From the FDA Drug Label
In hypertensive patients with normal renal function, therapeutic doses of amlodipine resulted in a decrease in renal vascular resistance and an increase in glomerular filtration rate and effective renal plasma flow without change in filtration fraction or proteinuria
The use of amlodipine does not appear to have a direct negative effect on kidney function in patients with normal renal function. Amlodipine may even have a beneficial effect on renal function by decreasing renal vascular resistance and increasing glomerular filtration rate. However, there is no direct information in the provided drug label about the relationship between Amlodipine and Acute Kidney Injury (AKI). 2
From the Research
Amlodipine and Acute Kidney Injury (AKI)
- There are no direct studies on Amlodipine and Acute Kidney Injury (AKI) in the provided evidence.
- However, the studies provide information on the impact of angiotensin-converting enzyme inhibitors (ACEIs) and angiotensin receptor blockers (ARBs) on AKI, which are relevant to the topic as Amlodipine is a calcium channel blocker often used in combination with ACEIs or ARBs.

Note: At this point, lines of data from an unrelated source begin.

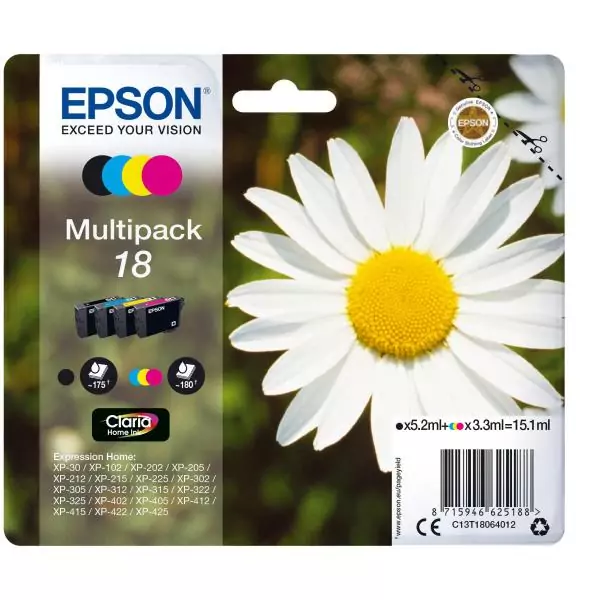 EPSON Multipack T1806 - Pâquerette - Noir, Cyan, Magenta, Jaune (C13T18064012)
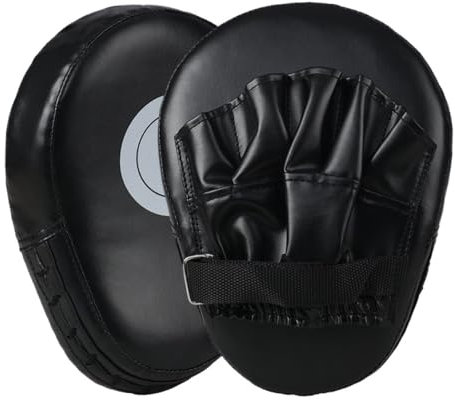 Whakano 1 Paar PU Handpratzen Boxen Trainer Pratzen mit Polsterung,Boxing Pad,Schlagpolster Boxpads,Trainerpratzen für Kickboxen Muay Thai Bewegung Karate Taekwondo Martial Art,Schwarz
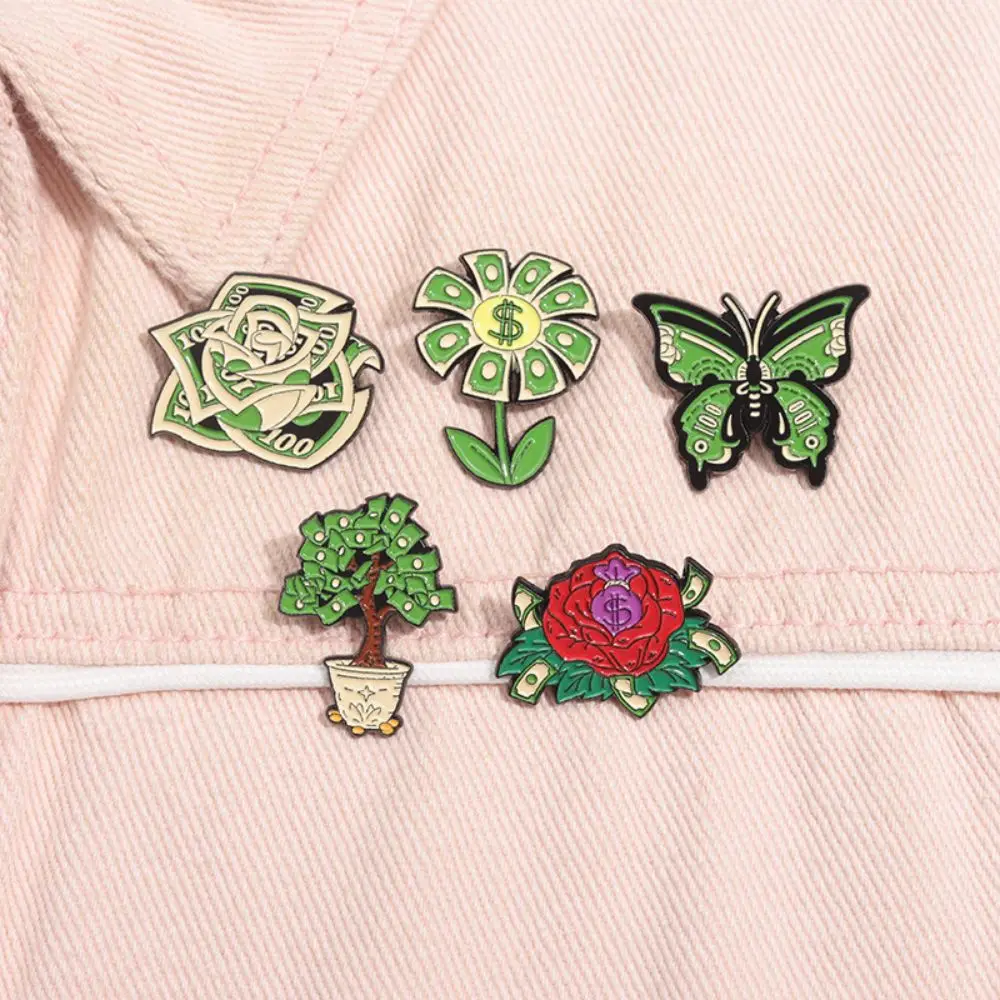 لطيف "الغنية" شارة شجرة زهرة الكرتون الإبداعية المعادن المينا بروش شارة لصديق هدية على ظهره الملابس قبعة الملحقات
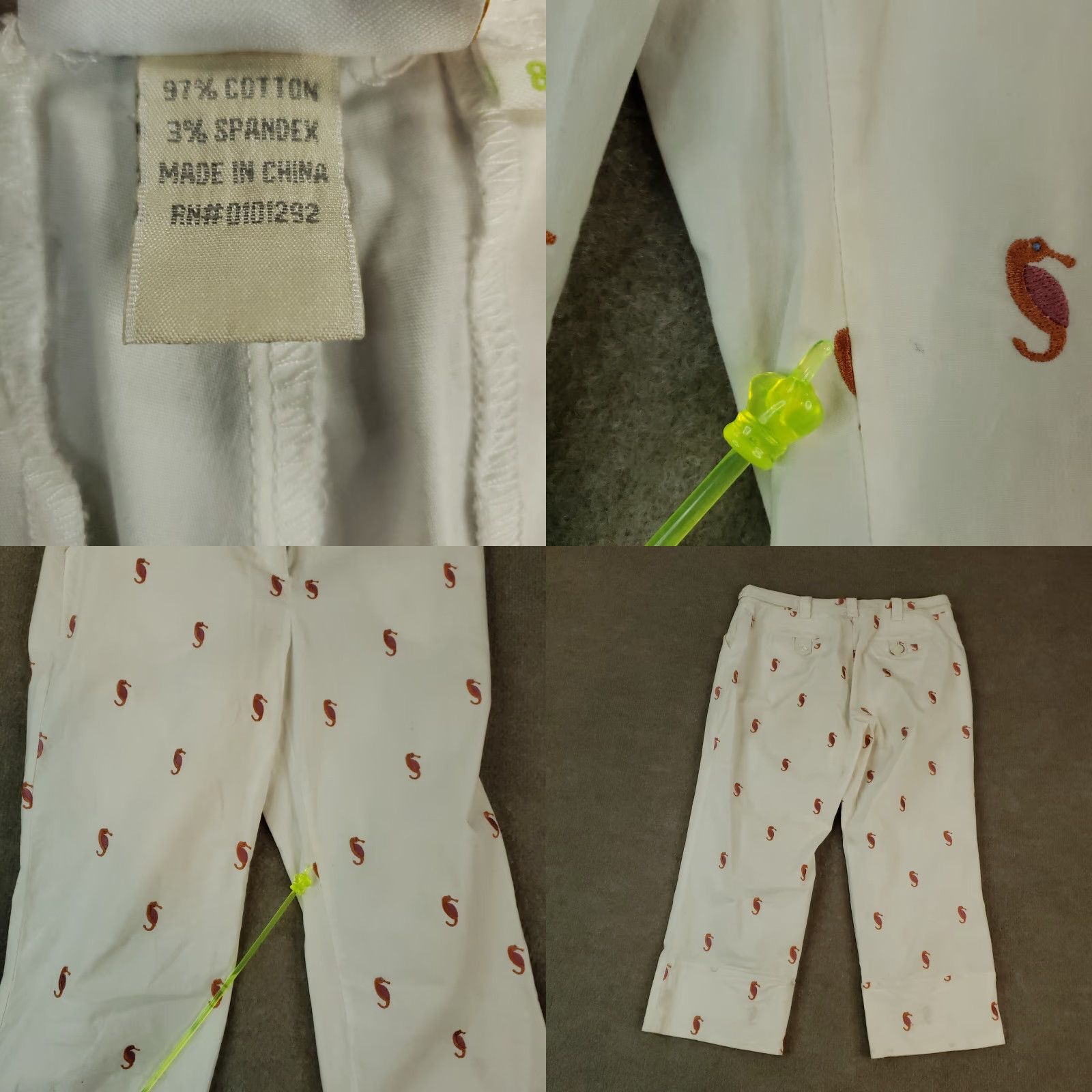 Vintage Lulu-B Womens Capri Pants White Extra Large XL Seahorse Size 30" / US 8 / IT 44 - 8 Thumbnail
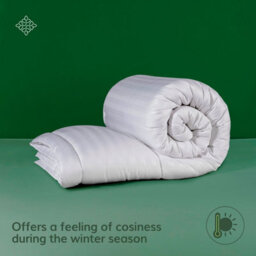 Opulent Home 15 Tog Single Winter Duvet - Extra Warm, Anti-Allergy, Breathable Striped Microfibre Quilt - thumbnail 5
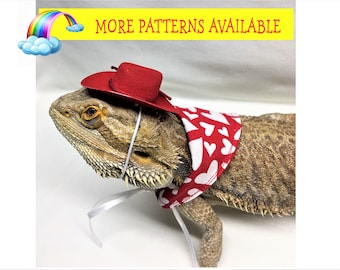 Reptile Cowboy / Cowgirl Hat with Bandanna for  Bearded Dragon Attire Clothes Reptile Valentines Hat and Bandanna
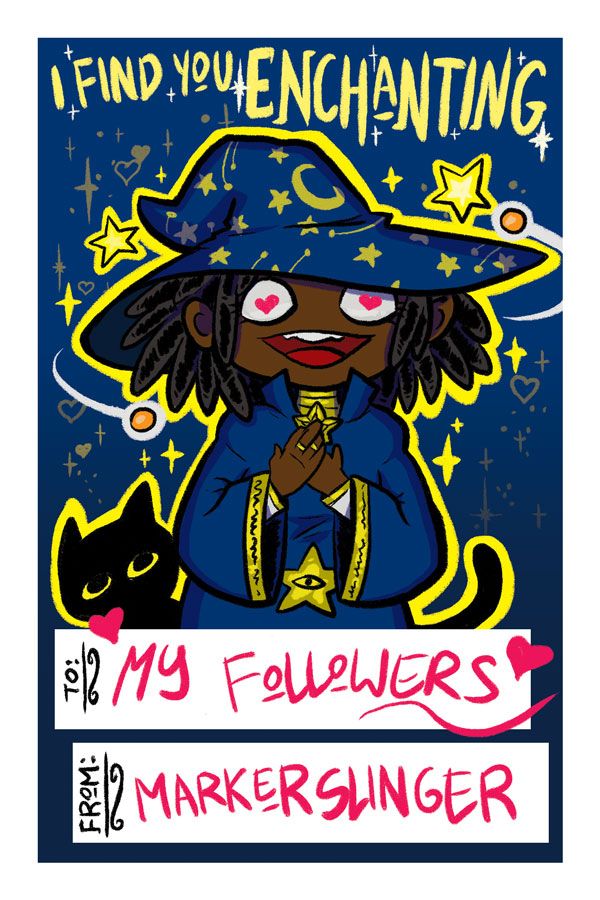 A valentine of a wizard. It says "I FIND YOU ENCHANTING"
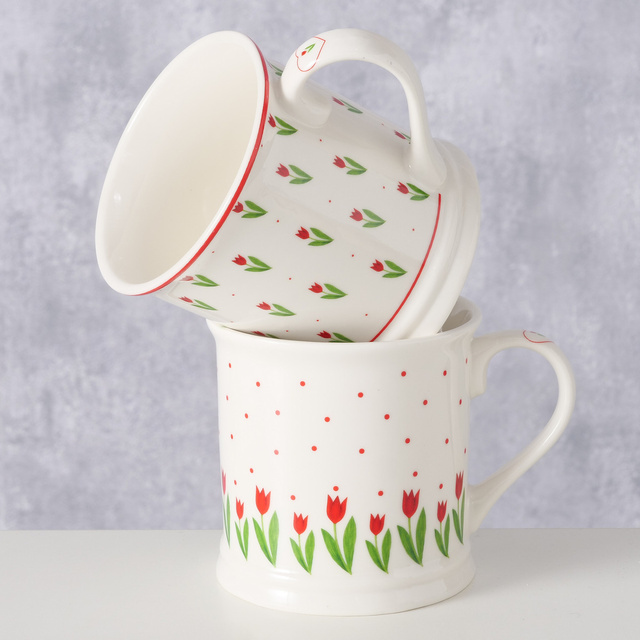 Cana pentru cafea si ceai Danique, model cu lalele, 420 ml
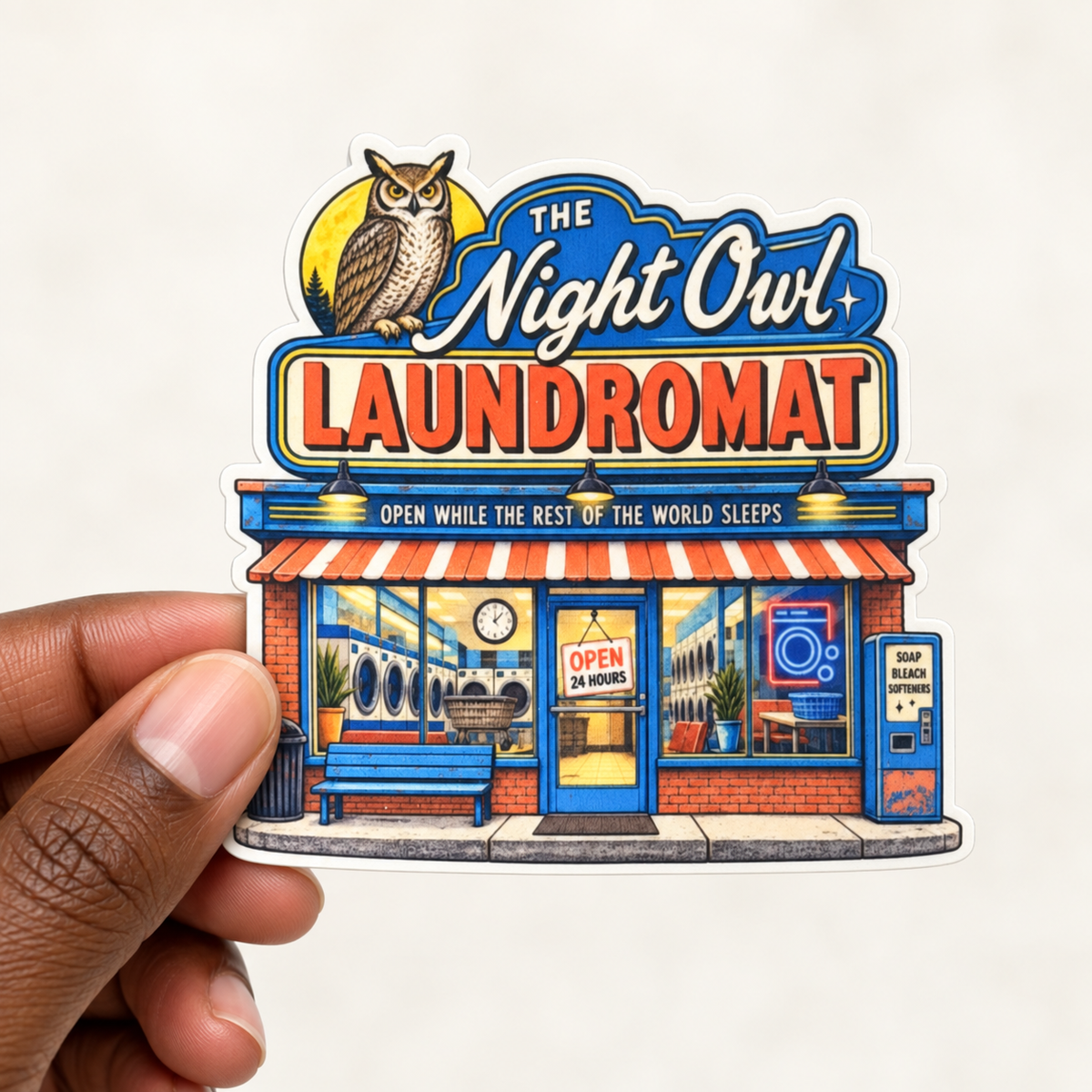 The Night Owl Laundromat Sticker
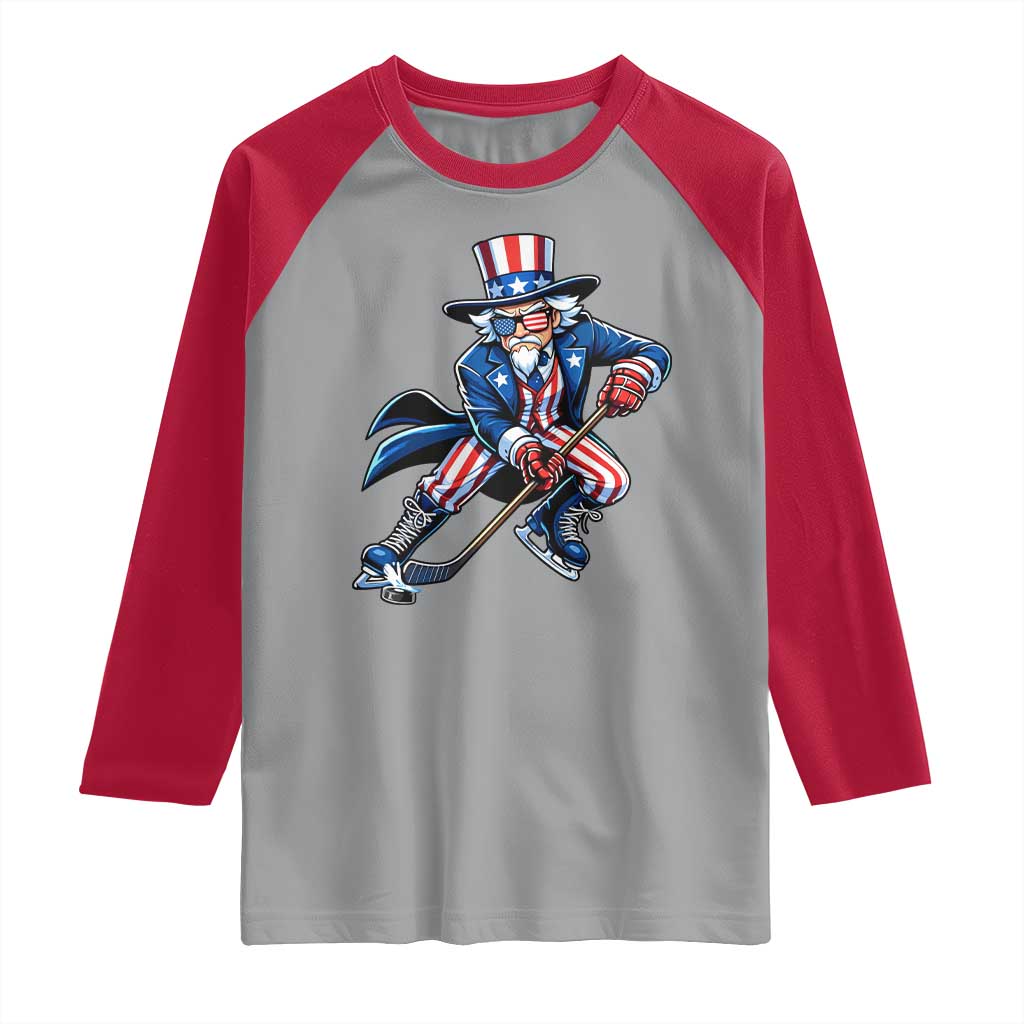 Uncle Sam Playing Hockey Patriotic Graphic Raglan Shirt Funny USA Ice Hockey American Pride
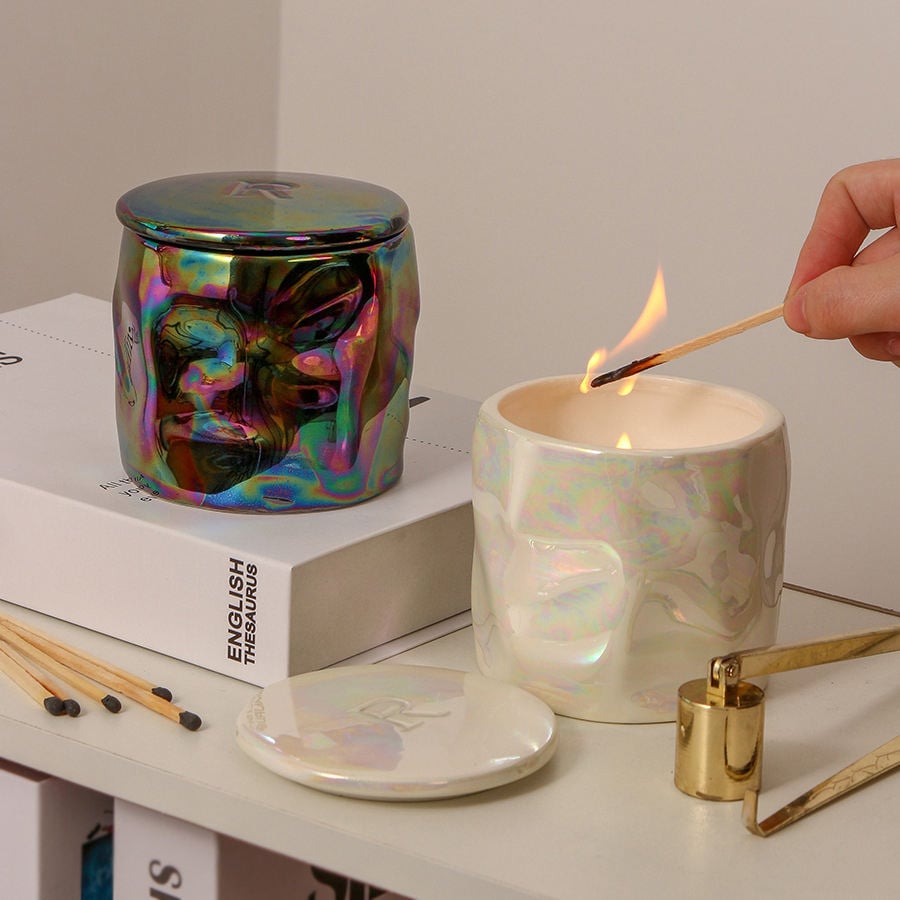 Vas de porcellana de velles modern nordic de luxiós disseny creatiu en bloc únic amb acabat perla brillant amb tapader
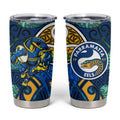 Parramatta Eels Rugby Tumbler Cup Polynesian Tribal Eel Warrior Blue Gold Pattern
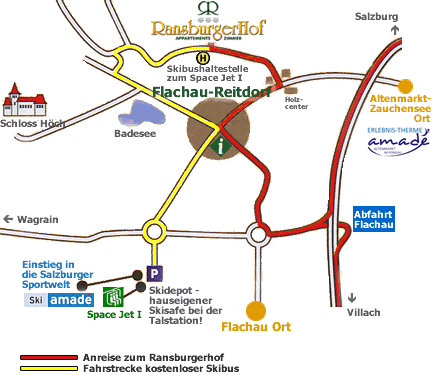 Lageplan vom Hotel-Garni Ransburgerhof in Flachau Reitdorf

- The studies suggest that ACEIs and ARBs may have a beneficial effect on mortality and progression to chronic kidney disease in patients with AKI 3, 4, 5.
- However, the use of ACEIs and ARBs may also increase the risk of hyperkalemia and acute kidney disease (AKD) in patients with AKI 3, 4.
- The management of AKI involves prompt workup of the underlying cause, optimization of volume status, and avoidance of nephrotoxic medications 6, 7.
- The optimal timing of renal replacement therapy in critically ill patients with AKI is unclear, but it is an area of active investigation 7.
- Patients with AKI are at an increased long-term risk of death, and effective strategies that improve long-term outcomes in patients with AKI are unknown 5.